===== Given information =====

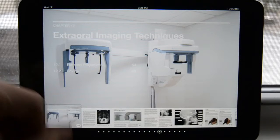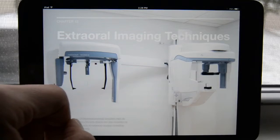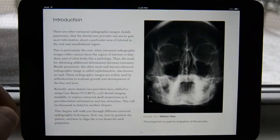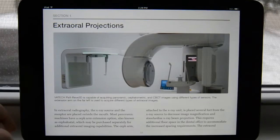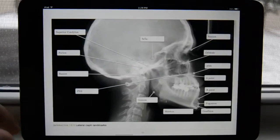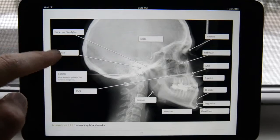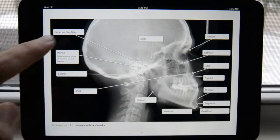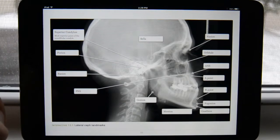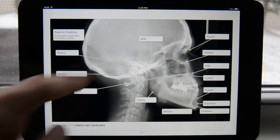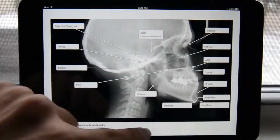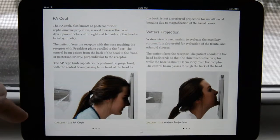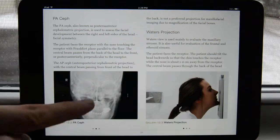We worked on the extraoral imaging technique chapter. We had a dental hygiene student as a model, and she helped us acquire images showing how to position the patient. Here we have a Waters view and we talk about extraoral projections and what machines can be used. With the lateral Ceph, we used the same interactive image approach — all the different anatomical landmarks are laid out, and tapping on each one gives a short description of that structure's significance. Here is our student model showing how the patient should be positioned.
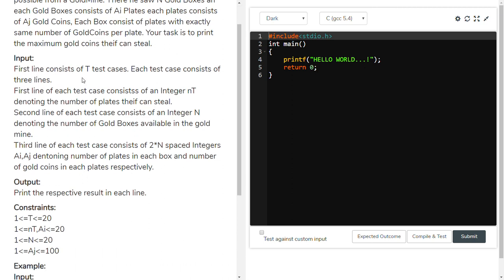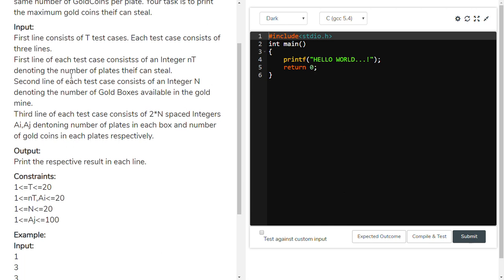In the input, the first line gives the number of test cases. The second line gives NT — how many plates the thief can steal. The next line N denotes the number of gold boxes. Then the third line contains 2 times N elements representing AI and AJ: the first element is the number of plates and the second element is how many gold kinds each plate consists of.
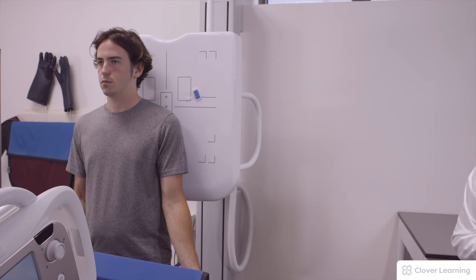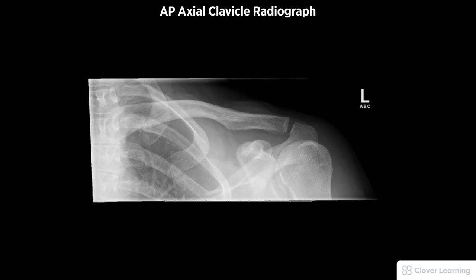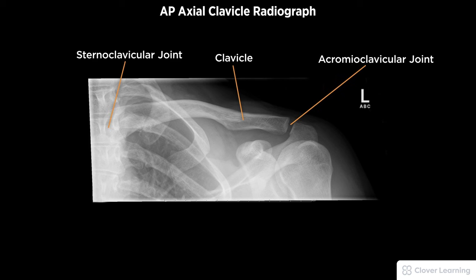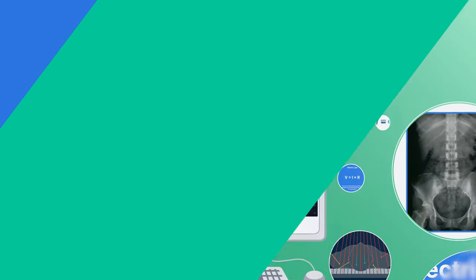The exposure is taken. A diagnostic AP axial clavicle radiograph must be free of motion and rotation. Demonstrated anatomy must include the entire clavicle, including the acromioclavicular and sternoclavicular joints, with proper visualization of bony detail.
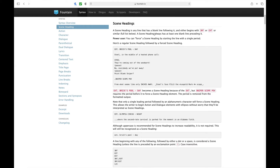For scene headings: a scene heading is any line that has a blank line following it and either begins with INT (interior), EXT (exterior), or similar. They have a full list on the site, including interior/exterior combinations. The other interesting thing is you can actually force a scene heading by starting the line with a single period. You can see 'sniper scope POV' with a dot there — that forces it to be treated as a scene heading.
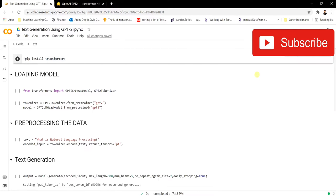Hello and welcome to my YouTube channel. Today in this video we're going to be talking about how we're going to generate text using the GPT-2 model. We can use this text generation to write or prepare our own articles, blogs, or any kind of information — generated using just a single line of text.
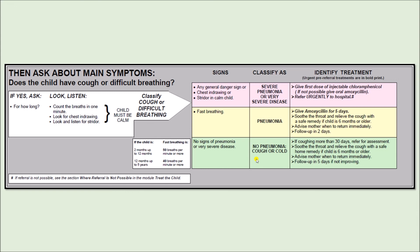This is the classification of ARI as taken directly from the IMNCI chart. It is color-coded: pink indicates very severe disease or severe pneumonia, meaning urgent hospitalization is needed — this is the most severe form. Yellow indicates pneumonia that is not severe, the intermediate form. Green means no pneumonia — cough or cold — which is good. All the signs and initial treatments are mentioned in the chart, which we have already discussed.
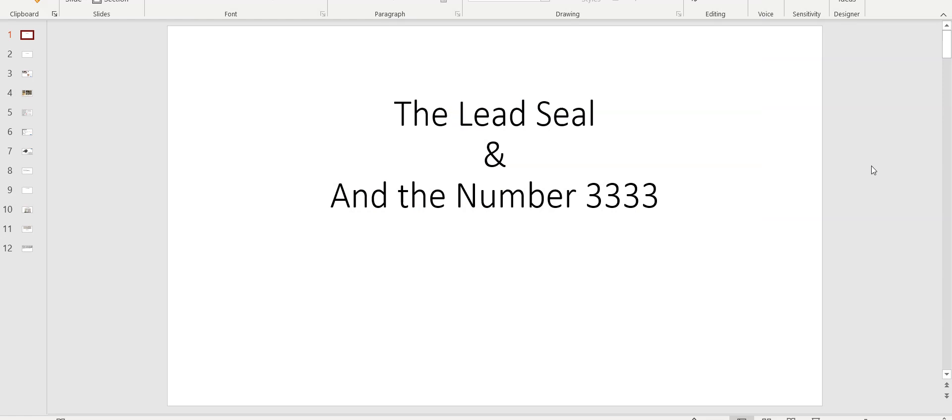Good morning or afternoon everyone, and welcome back to the Oak Island Research Channel. Long time I haven't posted a video, so this one is a double.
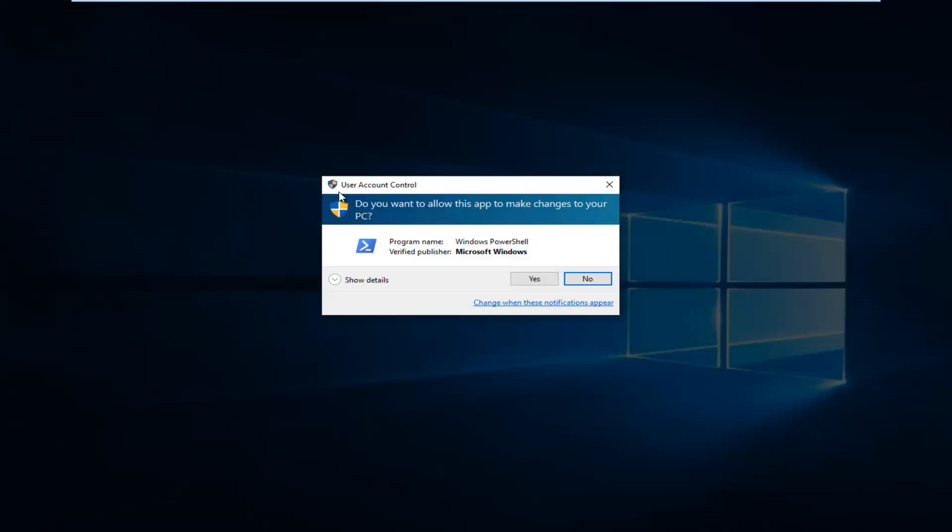If you receive a user account control window, you must have administrative privileges in order to proceed. So left click on yes.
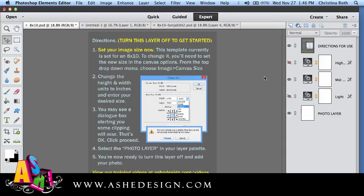Welcome back to an Ash Design training video. Today I want to show you how to use our Photoshop image presets to add custom look and feel to your images.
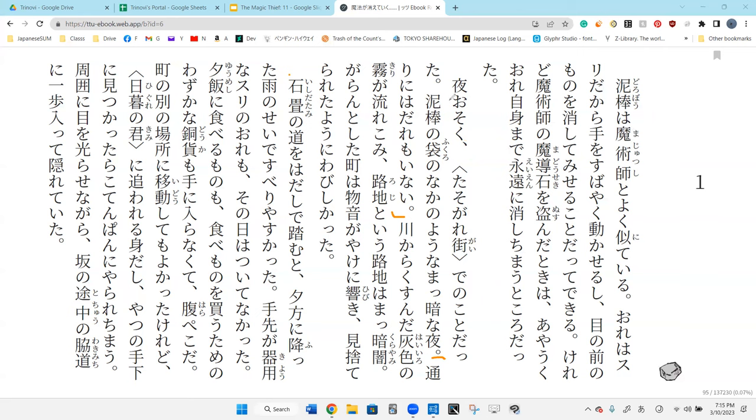Tori ni wa dare mo inai. There's no one at the street. As for the street, there's no one on it.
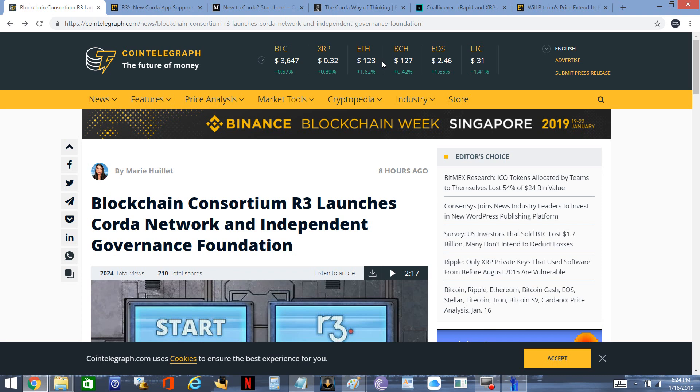Hi, this is Matt on the Moon Lambo channel, and today I want to talk about how Corda, developed by R3, is going to utilize XRP.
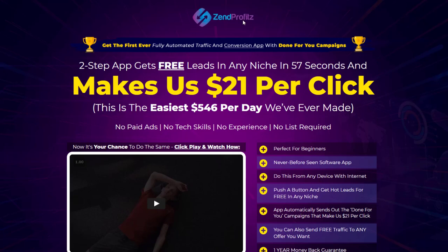Hey guys, Richard here. In this review I want to talk to you about Zend Profits by Jason Fulton and Sean Ungundeli, released today on July the 7th. I'm going to take you through this product, which promises unlimited leads from a never seen before software app that allows you to send emails directly from the system. I'll explain why there are a lot of issues with this strategy and hopefully give you more details before you decide to buy any kind of service like this online.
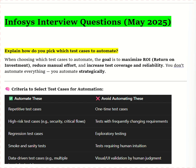Some are repetitive test cases, some are regression test cases, some are smoke and sanity test cases, some are stable and mature functionality test cases, and some are performance-based. While automating, we take important points like: test cases should be repetitive, high-risk (critical flow), security-based, regression, stable and mature functionality, and performance (load and stress) test cases.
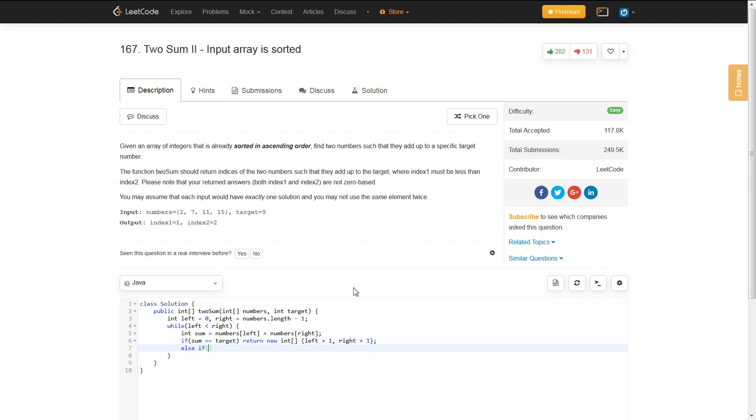So, if our sum is greater than our target, then we need to be moving our right pointer down, such as this. And the reason why we do that is because, since our sum is greater than our target, if we move our right pointer down, we know that the sum can only be smaller.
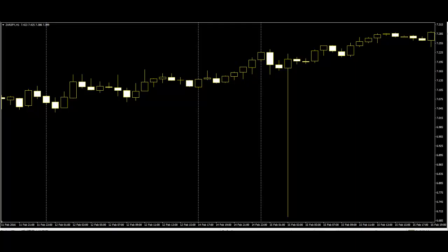The behavior of the market is denoted by the shades and color of the candlesticks. If the investor is seeing a white body of the candlestick during the particular time period, then this means that the price has risen over the time. However, if the candlestick chart is colored then it can be denoted by blue or green.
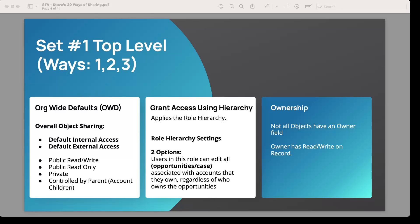Once you've set OWD, you can set the default internal access and the default external access for communities. There's a checkbox to grant access using the hierarchy. The third way of sharing is ownership — records need a single owner field on the object, and that owner has read/write access. When you grant using the hierarchy, anyone above the owner in the role hierarchy is granted access. There is fine-tuning available around opportunities and cases. So ways one, two, and three are OWD, grant using the hierarchy, and ownership.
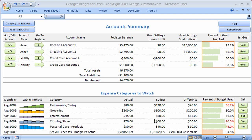I'd like to go over the account summary dashboard feature of Georges Budget for Excel, which is personal budgeting software. We're in the account summary, and this is the first sheet that you see when you open up the software program. It provides you with some key information about your accounts, and it gathers that information from two different sources.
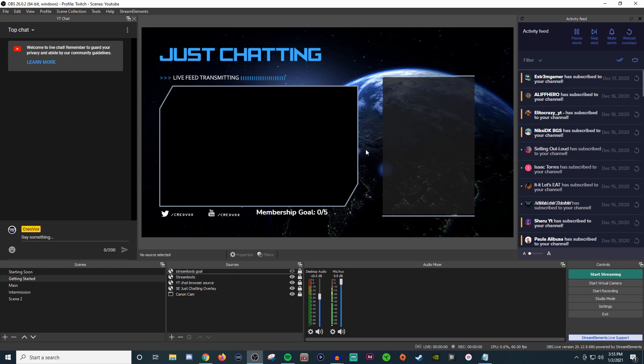In today's tutorial, I'm going to show you how to use the custom docks to bring in your YouTube chat since it's not really integrated and that's kind of a bust.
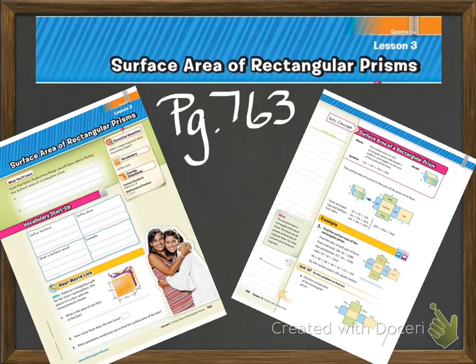Alright, so we're looking at chapter 10.3, Surface Area of Rectangular Prisms, and it starts on page 763, so everybody should be there.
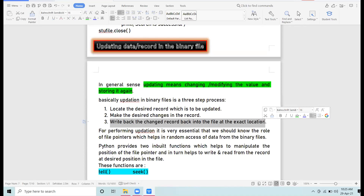The question arises: how to find the correct position of the record which you want to modify? Python provides two inbuilt functions that help find the position of a file pointer. A file pointer is a marker — an indicator which specifies the position, that is, how many bytes we have read and which byte the pointer is currently at.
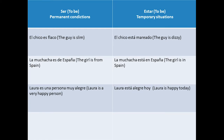Third example: 'Laura es una persona muy alegre' versus 'Laura está alegre hoy.' In the second sentence, we talk about Laura's mood for today, so that's something that might change tomorrow. On the other hand, when we say that she is a happy person, we would be talking about a permanent quality from Laura, so we use the verb ser for that situation.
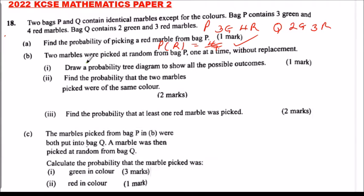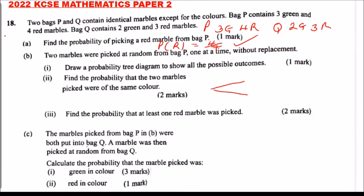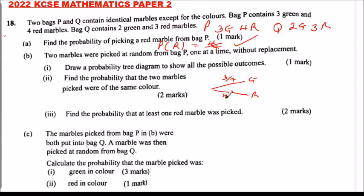Part B: the marbles were picked at random from Bag P one at a time without replacement. Draw a tree diagram to show all possible outcomes. For the first pick, you can take either a green or a red marble. The probability of picking a green marble is three over seven, and the probability of picking a red marble is four over seven.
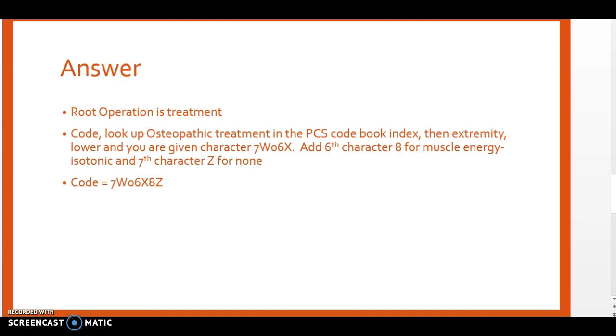If we look at the table, we're going to select character 8 for our 6th character to show it was muscle energy isotonic, and then our 7th character is going to be Z for none. So our code is 7W06X8Z.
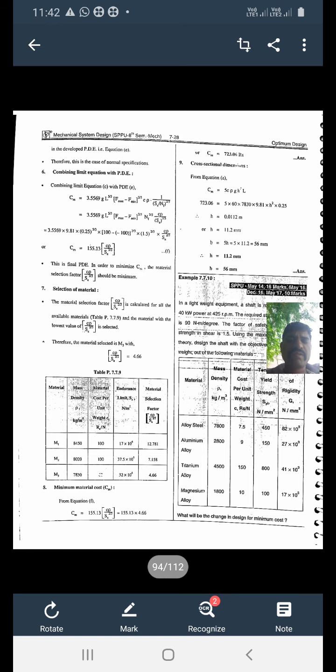Before going on to this lecture on optimum design, we have already seen the theory as well as some numericals on unit number six, optimum design. You will get one numerical question for ten marks in the examination. Today we will solve some SPPU asked questions from previous examinations.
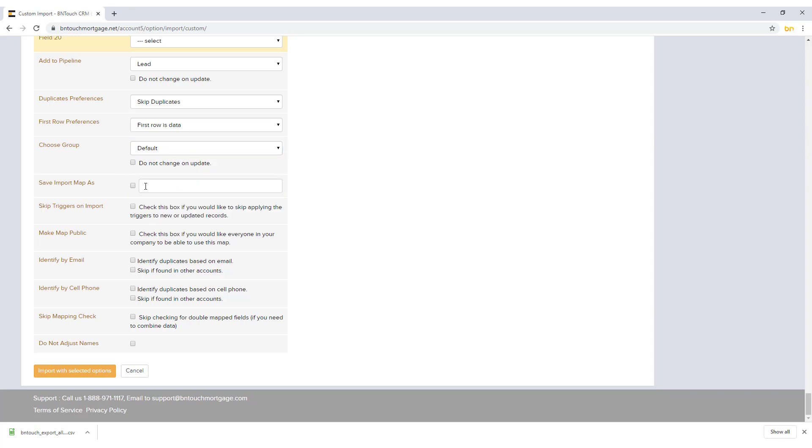If you will be importing records frequently, you can save the import map settings you used for this upload to use for future uploads by checking the Save Import Map As box and entering a name for the map. If you want to avoid any automated marketing triggers from activating for the imported records, check Skip Triggers on Import. If you want to make your mapping settings public for other users in your company to use when importing CSV files, check the Make Map Public box. To avoid duplicate records, you can check the boxes for Identify by Email or Identify by Cell Phone to determine how to check for unique records.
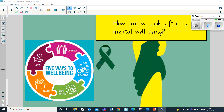Another way we can help to promote positive mental health is by taking notice — by being mindful. Taking time out of our busy lives to reflect on our thoughts and feelings is really important. Stepping back and taking a breath can really help us to clarify our own understanding and to make us feel more relaxed and calm.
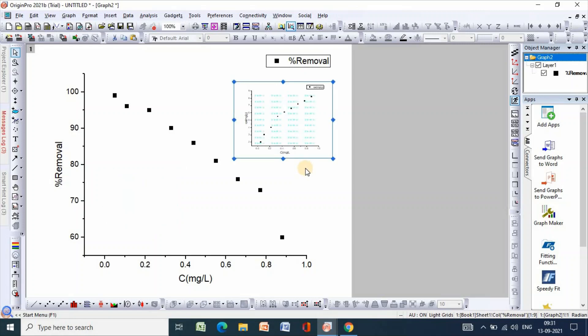So this is how you can easily insert a graph in another graph using Origin Pro. Thanks for watching.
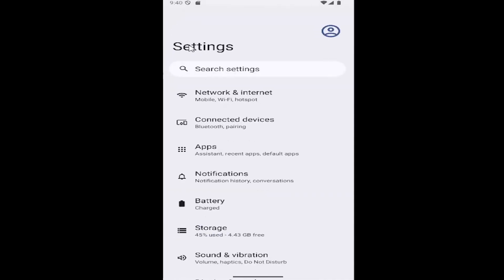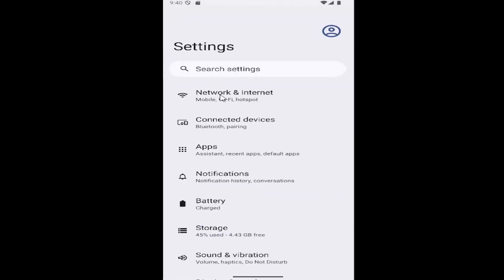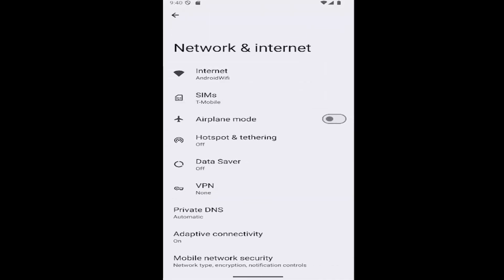And then underneath settings, you want to select Network and Internet, and then go down and select the VPN button.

=====

**Task objective:** The answer must be the part of the records that opens with the line containing "Welcome back to an" and closes with the line containing "Hey guys, Richard", reproduced exactly, with no pictures.

**Answer box:**
Welcome back to an Ash Design training video. Today I want to show you how to use our Photoshop image presets to add custom look and feel to your images.
Tori ni wa dare mo inai. There's no one at the street. As for the street, there's no one on it.
Hi, this is Matt on the Moon Lambo channel, and today I want to talk about how Corda, developed by R3, is going to utilize XRP.
Hey guys, Richard here. In this review I want to talk to you about Zend Profits by Jason Fulton and Sean Ungundeli, released today on July the 7th. I'm going to take you through this product, which promises unlimited leads from a never seen before software app that allows you to send emails directly from the system. I'll explain why there are a lot of issues with this strategy and hopefully give you more details before you decide to buy any kind of service like this online.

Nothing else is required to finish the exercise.